Monarch collapses prompting "biggest ever peacetime repatriation" of 110,000 stranded passengers


Monarch is the third large European airline to fail this year (Source: Monarch)

Monarch has ceased operations with immediate effect having collapsed into administration this morning.

Around 110,000 passengers have been left stranded overseas. Authorities are promising to ensure they are flown back home in what transport secretary Chris Grayling called "the country’s biggest ever peacetime repatriation".

All flights have been cancelled and authorities are urging passengers with tickets not to travel to airports.

It is the largest ever failure by a British airline.

The airline, Civil Aviation Authority (CAA) and administrators from KPMG made the announcement shortly after 4am this morning.

For passengers currently abroad and due to fly home before 15 October, the CAA is making arrangements to put on its own flights. It told passengers to check the following website for further information:

The first emergency flight has already landed, the CAA said,

CAA statement and advice

"All future Monarch Airlines bookings, including flights and holidays, have now been cancelled following a decision by the company's board to stop trading. This is the UK's largest ever airline to enter administration.

"As all of Monarch's flights due to depart from the UK have now been cancelled, customers should not go to their UK airport. Affected customers still in the UK should check for further information.

"Due to the unprecedented number of UK consumers currently overseas who are affected by this airline administration, the CAA and Government are securing a fleet of more than 30 aircraft, flying to more than 30 airports, to bring 110,000 people back to the UK at no cost to them. This is the equivalent of operating, at very short notice, one of the UK's largest airlines."

Read more: Monarch Airlines handed 24-hour licence reprieve by airline authority

Grayling said: “I have immediately ordered the country’s biggest ever peacetime repatriation to fly about 110,000 passengers who could otherwise have been left stranded abroad.

This is an unprecedented response to an unprecedented situation. Together with the Civil Aviation Authority, we will work around the clock to ensure Monarch passengers get the support they need.

Nobody should underestimate the size of the challenge, so I ask passengers to be patient and act on the advice given by the CAA.

Global terrorism

European airlines have been struggling recently due to tough competition and Monarch's failure follows the collapse of Air Berlin and Alitalia earlier this year.

Monarch, previously the UK's fifth largest airline, was particularly hampered by a weakened pound driving up dollar-denominated fuel costs and diminishing demand for certain destinations in the wake of global terrorism.

Over recent weeks it had been clear the airline would struggle to retain its Atol licence, which allows it to sell holiday packages. As a result, the CAA became increasingly concerned about its ability to fulfil Monarch's regulatory responsibilities. 

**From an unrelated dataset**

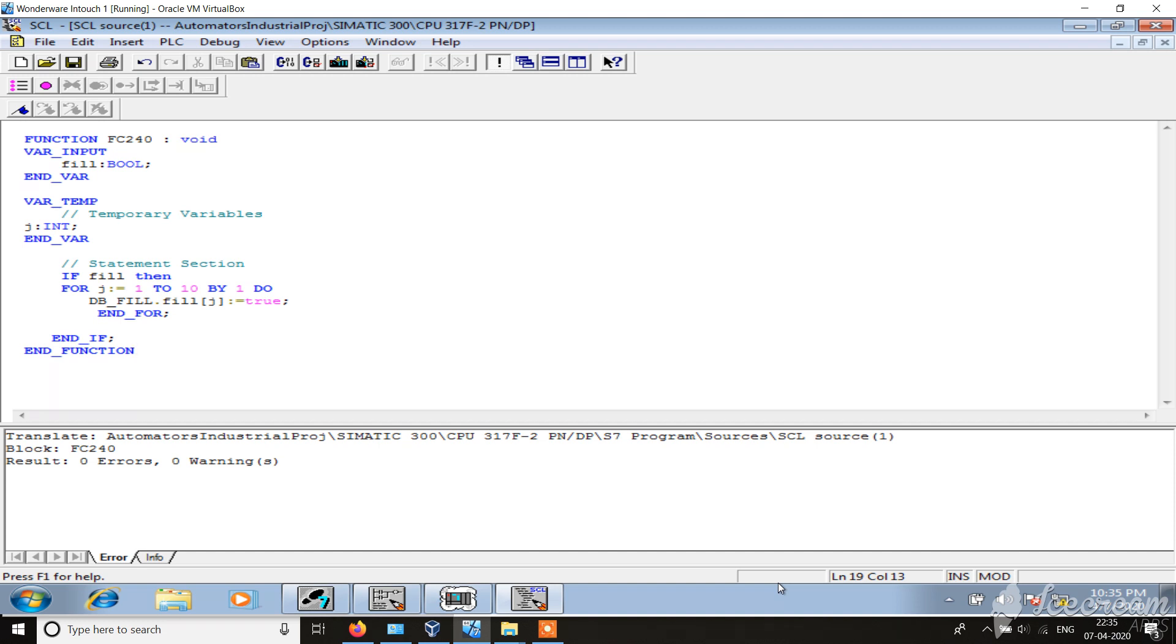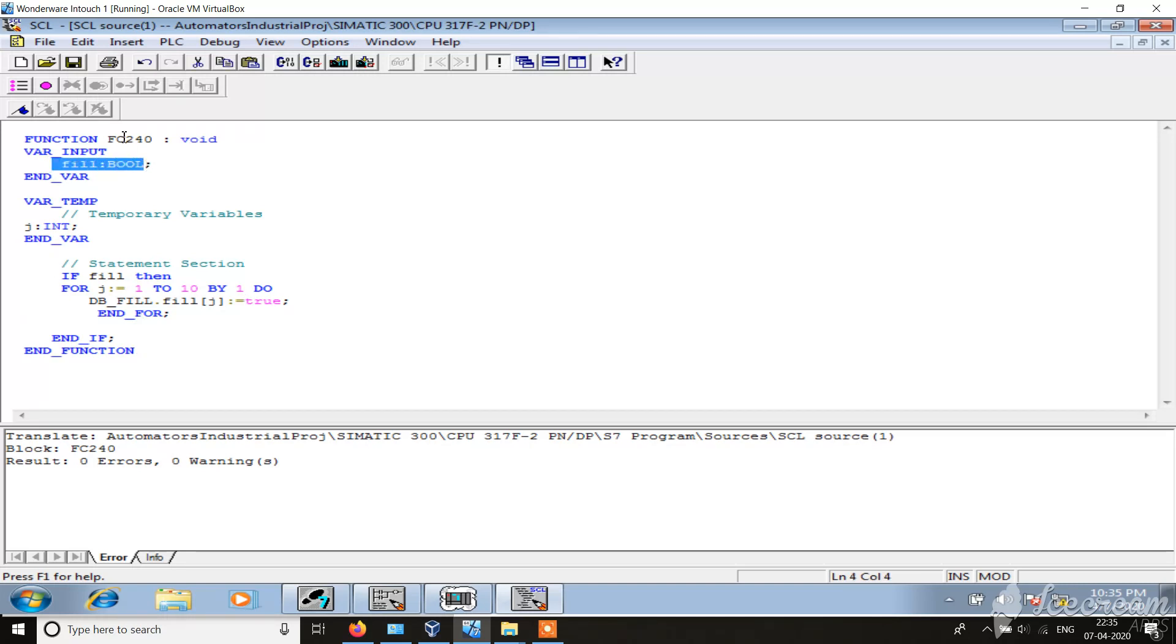Hello everyone, welcome to Automators Industrial Project. In today's video we will tell you about use of for loop with indexing. So here if you see, I have defined the variable input fill and function FC240 with wide value.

Monarch and its advisers had been locked in talks with a number of airlines, most recently believed to be Norwegian and Wizz, about a deal to keep the airline out of administration.

Prior to its collapse, Monarch employed around 2,100 people and flew 6m passengers each year. Its holiday tour arm had annual volumes of 200,000 per annum.

Read more: Monarch mulls short-haul shake-up and take-off for long-haul ambitions

Statement from Monarch administrators KPMG

“While this timing is unusual in insolvency situations, it was necessary for the appointment to be made once all Monarch aircraft were on the ground. This only occurs in the early hours of each morning. Once the company entered insolvency, the Air Operating Certificate it needs to be able to fly was effectively suspended, which is why all outbound flights were cancelled with immediate effect.

Our primary focus for the next 48 hours is to work with the Civil Aviation Authority to provide the infrastructure and information needed to help the Government and CAA with the safe repatriation of approximately all the 110,000 customers who are currently overseas and due to travel back to the UK within the next two weeks. This includes all those whose trip is not specifically covered by ATOL protection. The CAA has provided funding to enable the Group to retain a number of employees to assist us with the provision of this information.

“We understand that this will be a difficult and distressing time for many, and we anticipate a large volume of calls and queries from customers who are affected. We therefore kindly request that passengers who are not scheduled to travel within the next 48 hours to refer to the CAA website ( in the first instance for further information. This will allow us to assist the CAA and prioritise to ensure the safe repatriation of all customers located overseas who were scheduled for immediate travel back to the UK.

“We will also be speaking to all of the Group’s employees today, and commencing the process of returning the Group’s leased aircraft fleet to its owners.”